There is something that may look a little bit weird here, namely that the calldata does not end neatly at the end of its line. I plan on getting back to that later. By breaking the calldata up like this there are some things we can get even from a first glance - lines 9-11 look like addresses, and it’s very reasonable to assume that they are, being that the first is the address that received the funds from the transaction (and seems to be a common recipient of Belisarius’s transactions in general, making it likely a member of The Horde), followed by the addresses of the two tokens comprising the Uniswap pool being interacted with: WETH and USDC. Lines 6 and the repeated value in lines 14-15 are the right size to be a function selector, but I did not find a matching selector in the databases nor in the strategy contract being delegatecalled by Belisarius in the transaction.

This does leave the question of why and how there’s a call nested in the call, but if you think about it for a minute, the truth is that this closely resembles what we know of execute(address,bytes). If we’re willing to continue with that thought process, we would expect the payload to call to the strategy contract with to be a bytes array (bytes in Solidity). The payload starts with the function selector, in this case 33ef3e6a, so that leaves us to figure out what lines 2 (0x40) and 3 (0x184) are.

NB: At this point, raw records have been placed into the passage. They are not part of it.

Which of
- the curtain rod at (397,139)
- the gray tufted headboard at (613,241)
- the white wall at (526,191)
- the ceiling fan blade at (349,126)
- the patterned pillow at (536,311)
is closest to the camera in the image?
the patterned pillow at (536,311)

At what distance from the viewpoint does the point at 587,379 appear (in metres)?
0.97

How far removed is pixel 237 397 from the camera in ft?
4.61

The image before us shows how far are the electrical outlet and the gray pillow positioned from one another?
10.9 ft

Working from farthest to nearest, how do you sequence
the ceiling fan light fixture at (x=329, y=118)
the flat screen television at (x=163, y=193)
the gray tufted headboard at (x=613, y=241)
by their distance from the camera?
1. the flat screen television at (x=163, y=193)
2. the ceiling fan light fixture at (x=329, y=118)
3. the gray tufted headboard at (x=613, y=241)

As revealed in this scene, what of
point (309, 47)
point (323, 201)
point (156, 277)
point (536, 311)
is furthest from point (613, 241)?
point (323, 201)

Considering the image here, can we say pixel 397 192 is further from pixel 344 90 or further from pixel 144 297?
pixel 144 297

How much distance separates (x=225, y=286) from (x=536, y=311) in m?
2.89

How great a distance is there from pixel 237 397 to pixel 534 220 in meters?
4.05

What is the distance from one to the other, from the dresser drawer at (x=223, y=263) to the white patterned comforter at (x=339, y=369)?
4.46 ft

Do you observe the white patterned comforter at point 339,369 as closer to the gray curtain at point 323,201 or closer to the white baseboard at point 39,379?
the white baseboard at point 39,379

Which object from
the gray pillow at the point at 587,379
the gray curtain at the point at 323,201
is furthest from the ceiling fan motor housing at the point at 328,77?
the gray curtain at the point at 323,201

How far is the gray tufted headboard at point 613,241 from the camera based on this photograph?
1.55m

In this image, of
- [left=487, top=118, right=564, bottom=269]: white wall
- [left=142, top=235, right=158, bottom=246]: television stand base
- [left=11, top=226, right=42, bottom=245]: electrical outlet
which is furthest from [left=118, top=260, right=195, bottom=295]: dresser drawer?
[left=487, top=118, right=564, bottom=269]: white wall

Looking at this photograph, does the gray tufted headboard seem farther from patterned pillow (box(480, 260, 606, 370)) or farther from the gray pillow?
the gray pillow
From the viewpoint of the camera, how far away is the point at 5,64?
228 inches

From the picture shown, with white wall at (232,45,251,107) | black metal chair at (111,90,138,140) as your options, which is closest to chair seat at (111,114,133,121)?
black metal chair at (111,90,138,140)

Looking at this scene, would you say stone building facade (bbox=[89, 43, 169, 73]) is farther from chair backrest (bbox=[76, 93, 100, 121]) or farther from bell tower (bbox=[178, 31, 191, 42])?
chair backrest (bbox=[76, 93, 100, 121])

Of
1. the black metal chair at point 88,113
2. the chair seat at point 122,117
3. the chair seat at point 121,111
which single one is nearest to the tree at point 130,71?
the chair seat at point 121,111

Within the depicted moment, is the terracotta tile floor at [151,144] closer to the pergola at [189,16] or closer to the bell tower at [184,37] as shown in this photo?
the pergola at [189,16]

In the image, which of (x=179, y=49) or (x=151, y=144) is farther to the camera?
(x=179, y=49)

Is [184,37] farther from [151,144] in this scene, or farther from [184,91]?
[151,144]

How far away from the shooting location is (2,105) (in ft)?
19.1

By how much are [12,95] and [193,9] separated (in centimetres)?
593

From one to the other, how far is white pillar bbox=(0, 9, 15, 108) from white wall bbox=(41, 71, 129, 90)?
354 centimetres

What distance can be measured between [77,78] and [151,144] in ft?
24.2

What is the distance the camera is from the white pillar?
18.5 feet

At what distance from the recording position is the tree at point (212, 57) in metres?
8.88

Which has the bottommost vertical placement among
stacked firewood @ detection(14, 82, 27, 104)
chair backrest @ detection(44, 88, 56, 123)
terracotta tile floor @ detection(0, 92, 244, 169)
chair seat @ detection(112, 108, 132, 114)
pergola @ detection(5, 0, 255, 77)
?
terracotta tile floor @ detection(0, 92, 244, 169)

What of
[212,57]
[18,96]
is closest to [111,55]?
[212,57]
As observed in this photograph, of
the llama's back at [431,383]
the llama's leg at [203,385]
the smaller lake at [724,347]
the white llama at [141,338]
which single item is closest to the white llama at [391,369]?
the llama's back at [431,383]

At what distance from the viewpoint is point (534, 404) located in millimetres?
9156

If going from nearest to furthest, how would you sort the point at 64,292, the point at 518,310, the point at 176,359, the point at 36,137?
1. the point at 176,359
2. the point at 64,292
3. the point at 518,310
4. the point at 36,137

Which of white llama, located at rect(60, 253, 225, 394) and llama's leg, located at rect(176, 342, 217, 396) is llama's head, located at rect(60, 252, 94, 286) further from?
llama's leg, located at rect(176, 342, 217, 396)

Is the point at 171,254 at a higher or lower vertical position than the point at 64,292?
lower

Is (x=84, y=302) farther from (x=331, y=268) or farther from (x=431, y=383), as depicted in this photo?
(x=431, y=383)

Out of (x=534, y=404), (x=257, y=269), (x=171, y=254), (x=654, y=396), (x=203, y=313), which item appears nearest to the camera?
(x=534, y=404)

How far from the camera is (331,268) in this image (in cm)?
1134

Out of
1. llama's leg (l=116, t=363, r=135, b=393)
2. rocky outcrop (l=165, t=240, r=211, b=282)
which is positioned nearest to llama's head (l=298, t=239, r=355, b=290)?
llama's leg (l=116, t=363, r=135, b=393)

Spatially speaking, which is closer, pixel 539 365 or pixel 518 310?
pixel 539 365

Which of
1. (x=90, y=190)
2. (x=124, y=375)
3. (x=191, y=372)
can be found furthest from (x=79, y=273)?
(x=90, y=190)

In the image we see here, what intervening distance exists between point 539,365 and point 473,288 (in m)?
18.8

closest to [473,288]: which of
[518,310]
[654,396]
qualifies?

I’ll skip ahead to the answer here, which is something you likely have already figured out if you’re familiar with array encoding. Starting at the beginning, bytes is a kind of array under the hood. It stores an arbitrary amount of, well, bytes. How does the EVM know what is a member of an array, and what is a value outside of it? For example, let’s say you’re making a call to a function that takes (bytes32[], bytes32) as arguments, how would the EVM know if a particular 32-byte word is in the array or the argument afterwards? The answer is that there are two additional pieces of information that get encoded with an array: the offset and the number of elements. I’m not sure I understood the spec entirely, so I’ll explain as best as I can, and please dyor to see if I’m right or not. The offset simply tells us how far into the calldata or bytecode to look to see where the number of elements are (which will then be followed by the actual data). (Even though we’re talking about an array with a potentially dynamic length in the example - bytes32[] - remember, calldata is immutable, so when the call is being made it’s treated like a fixed-length array. If you’re really interested in knowing how dynamic-length arrays are encoded, that’s here in the spec.)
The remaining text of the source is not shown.